Sabía que el reloj de pared marchaba con impulsos eléctricos: una frecuencia de sesenta por minuto. Ahora estos impulsos se habían espaciado. Un técnico hubiera calculado fácilmente la frecuencia actual. Él hubiese podido hacerlo también, pero no le serviría de nada. Se sintió de pronto descorazonado. El sistema eléctrico se deterioraría cada vez más rápidamente.
Regresó a la sala. Esta vez era indiscutible. La luz había palidecido. Las sombras invadían los rincones de la habitación.
Las luces se apagan. Las luces del mundo, pensó, y conoció el terror de un niño abandonado en la oscuridad.
Princesa dormitaba en el piso. La disminución de la luz no la molestaba, pero se le contagió la inquietud de su amo y se incorporó gimiendo.
Ish salió otra vez al porche. De minuto en minuto, las largas guirnaldas de luces eran menos y menos claras, más y más amarillentas. El viento apresuraba aquella muerte, cortando aquí unos cables, interrumpiendo allá un circuito. El fuego que se extendía por las lomas vecinas quemaba las líneas, y hasta quizás alguna central.
Al cabo de un momento las luces dejaron de palidecer y se mantuvieron en un vago resplandor. Ish regresó a la sala, y acercando otra lámpara pudo leer cómodamente. Princesa volvió a su sueño. A pesar de la hora, Ish no tenía deseos de acostarse. Era como si estuviese velando el cadáver de su más caro y viejo amigo. «Hágase la luz. Y la luz se hizo», recordó. Parecía que el mundo hubiera llegado al otro extremo de su historia.
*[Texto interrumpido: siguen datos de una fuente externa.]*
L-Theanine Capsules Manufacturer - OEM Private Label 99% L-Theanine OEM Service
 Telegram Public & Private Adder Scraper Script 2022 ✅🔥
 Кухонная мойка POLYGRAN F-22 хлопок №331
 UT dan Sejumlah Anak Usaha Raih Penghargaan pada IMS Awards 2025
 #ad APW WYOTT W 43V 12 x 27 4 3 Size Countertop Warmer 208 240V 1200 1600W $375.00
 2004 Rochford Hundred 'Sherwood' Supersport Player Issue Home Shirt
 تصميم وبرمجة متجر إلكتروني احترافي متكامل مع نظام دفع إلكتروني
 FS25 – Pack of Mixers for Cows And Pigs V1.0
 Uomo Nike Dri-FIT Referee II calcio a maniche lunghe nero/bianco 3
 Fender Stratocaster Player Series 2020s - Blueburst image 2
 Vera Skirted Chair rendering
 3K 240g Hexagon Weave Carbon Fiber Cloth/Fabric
Poco después fue a mirar el reloj. Se había parado. Las dos agujas en lo alto del cuadrante señalaban las once y cinco.
Las manecillas del reloj de pulsera, en cambio, habían pasado la medianoche. Las luces se extinguirían totalmente dentro de unas pocas horas, o se mantendrían así algunos días.
Ish no se decidía a acostarse. Trató de leer y al fin se quedó dormido en el sillón.
Cuando Ish despertó, las lámparas apenas alumbraban. Los filamentos eran de un rojo anaranjado. En la habitación reinaban las sombras.